Disclosure: An environmental activist (didn’t catch the name) put me in a weird headspace for Middle Ground’s poppy, upper-register Americana-lite while the band was still tuning up. With effort, this guy insisted, San Antonio could be the vegan, low-flow-toilet mecca his home state of Oregon has become. Had his proclamation preceded a show in the White Rabbit’s back room, I’d have laughed in this dude’s face, but at the Farm — what amounts to a back yard, where the flip-flopped crowd sits on tree stumps and hay bales, discussing newly launched greenie website echotown.net and sipping Texas beer from a by-donation-only keg — his flower-child optimism seems less deluded.

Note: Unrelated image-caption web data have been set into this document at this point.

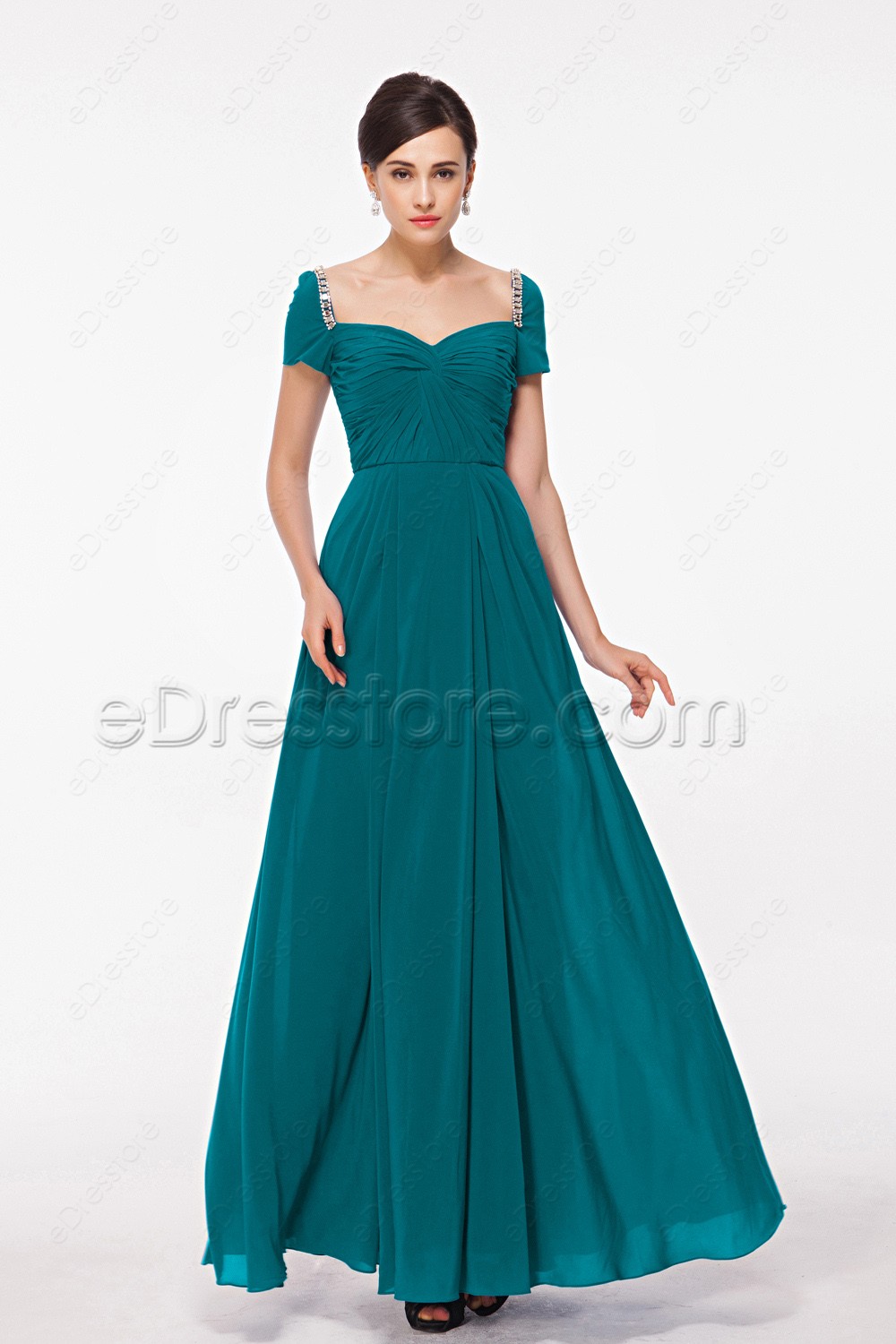 Modest Teal Prom Dresses with Sleeves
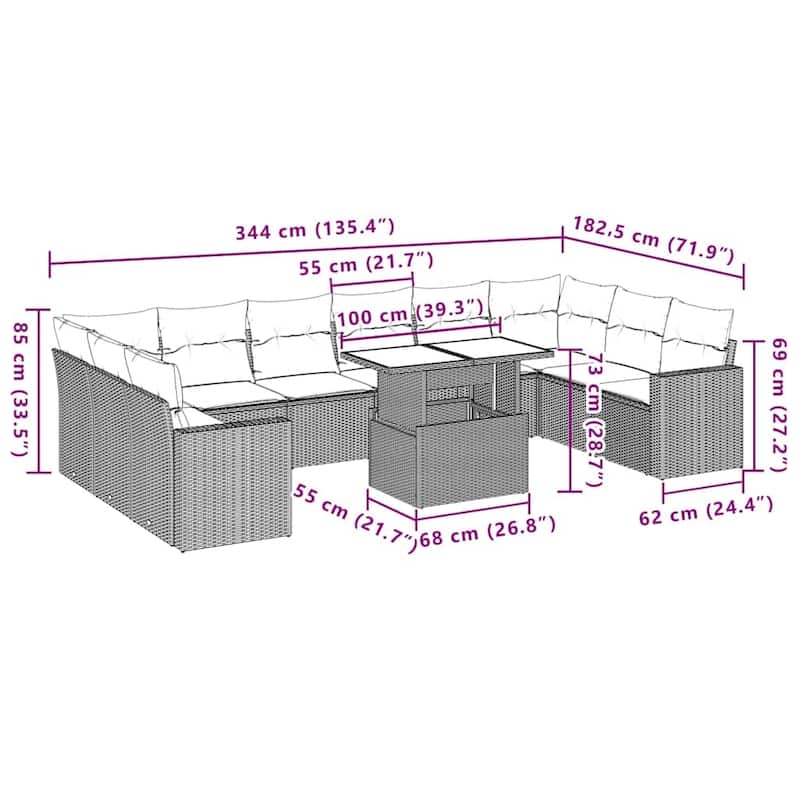 vidaXL 11 Piece Patio Sofa Set with Cushions Black/Brown/Gray Poly Rattan - 24.4 x 24.4 x 27.2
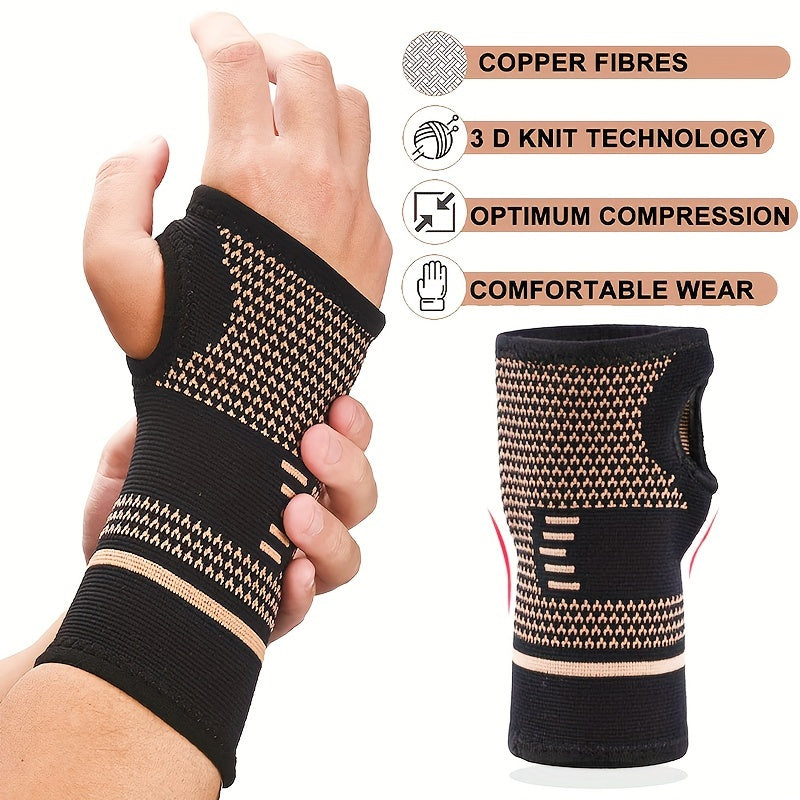 1pc/2pcs Copper Wrist Compression Sleeves, Elastic Wrist Support Sleeve Wrist Brace For Tendonitis, Arthritis, Breathable Carpal Tunnel Hand Brace For Sport, Fitness, Workout, Typing - Deni Sport Health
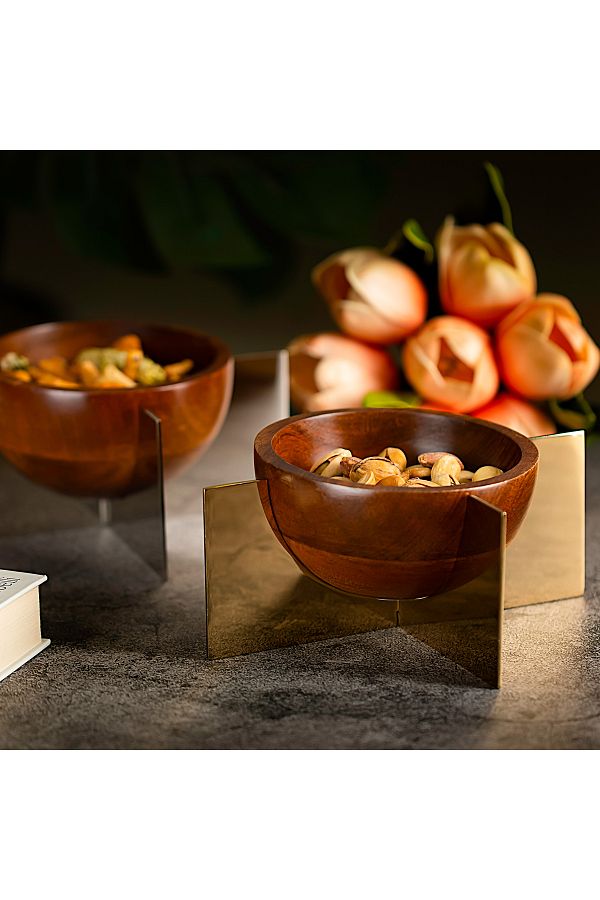 Generic-Nuts Bowl Wood With Steel X Silver 1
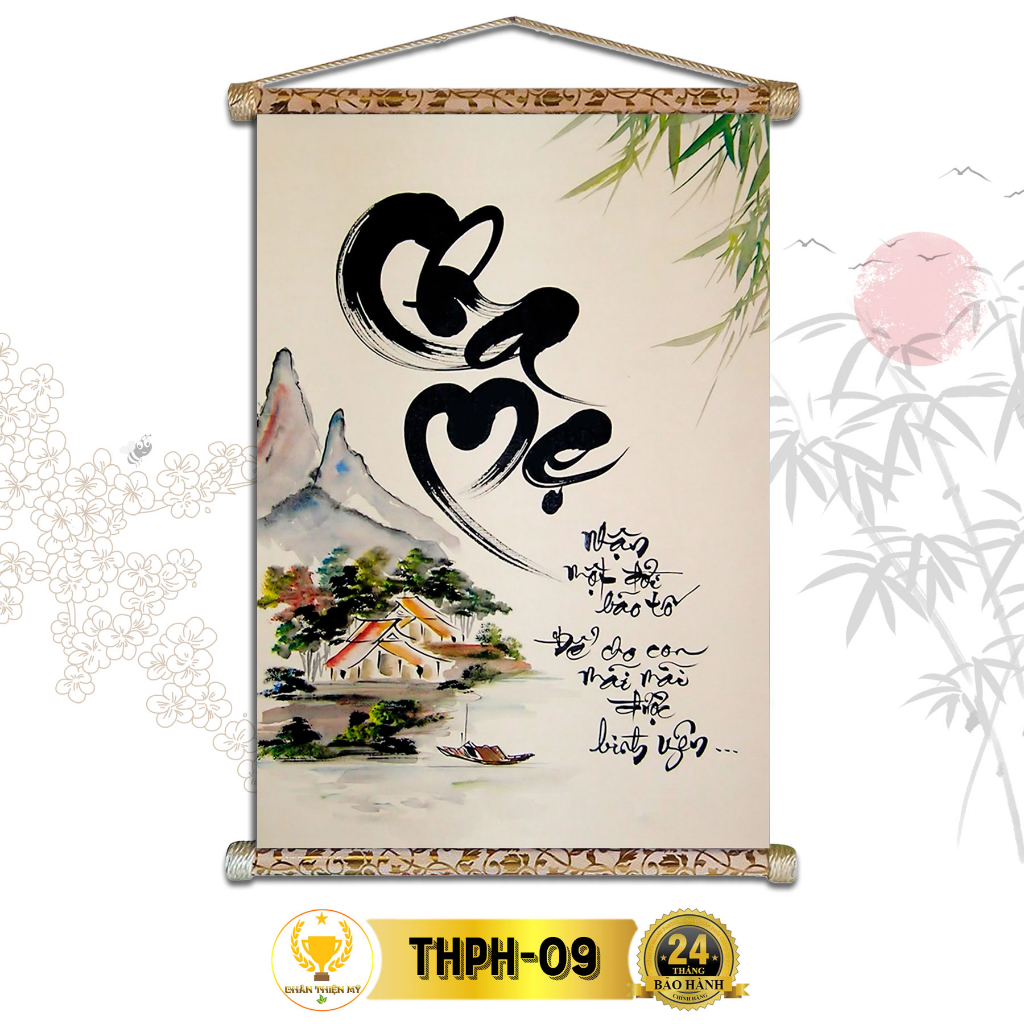 Tranh Thư Pháp Treo Tường Cha Mẹ CHÂN THIỆN MỸ, Chất Liệu Vải Lụa Kim Sa Khung Gỗ 40x60cm THPH-09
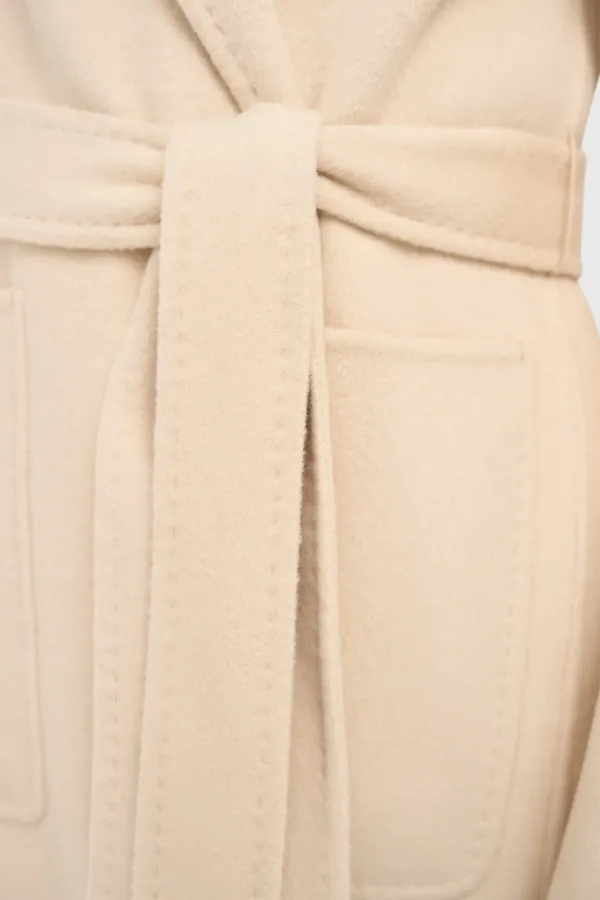 Cashmere Dames Jas Lang Double Face Jules Beige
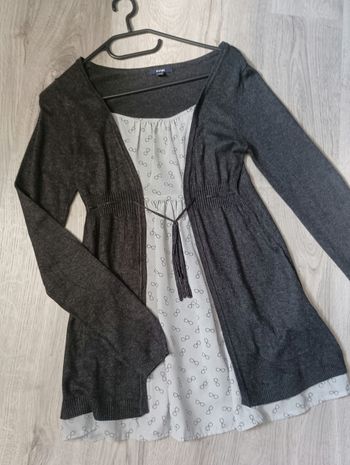 Gilet 2 en 1 grossesse 34/36 gris anthracite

It’s not Middle Ground’s fault that their music makes a better soundtrack for the kind of party where the keg winds up covered in vomit than an against-all-odds left-wing revolt.
Sometimes-bassist Ross Renker favors the cello instead, and guitarist Emanuel Meza is just as likely to swap for a mandolin, leaving Middle Ground with no low-end to speak of, constructing songs so sunny and light they cast no shadow. Opener “Hell Bent” rides Meza’s decidedly not-evil mandolin riff away from its stated destination, concluding the titular line with “and heaven bound.”
Singer Kelly Miller, who pounds away at a bottle of Southern Comfort between songs, has enough twang and gravel in his voice to sell the band’s Texas country angle, but betrays enough emotional sensitivity in his delivery to’ve fronted a second-wave alt-rock act in the mid-’90s. Solo number “Sometimes,” for which Miller strums his own accompaniment on the acoustic while the rest of the band refills, would be ripe for fresh-new-artist status on VH1, if the network ran anything but Gen-X nostalgia porn these days.
Throughout the set, people with unstyled hair chat hopefully about San Antonio’s progressive future with no trace of cynicism. And I’d honestly believed there was an I-35 checkpoint preventing these types from migrating south of Austin.
“Revolution,” despite its veiled Katrina references and claims that “the revolution’s rising,” is really an appeal to reasonable compromise, lubricated by Sophie Severance’s fluid fiddle accents. Meanwhile, a man helps curious passers-by to balance on a wire strung between two trees; other audience members seem too mellowed to even stand up. Your guess is as good as mine.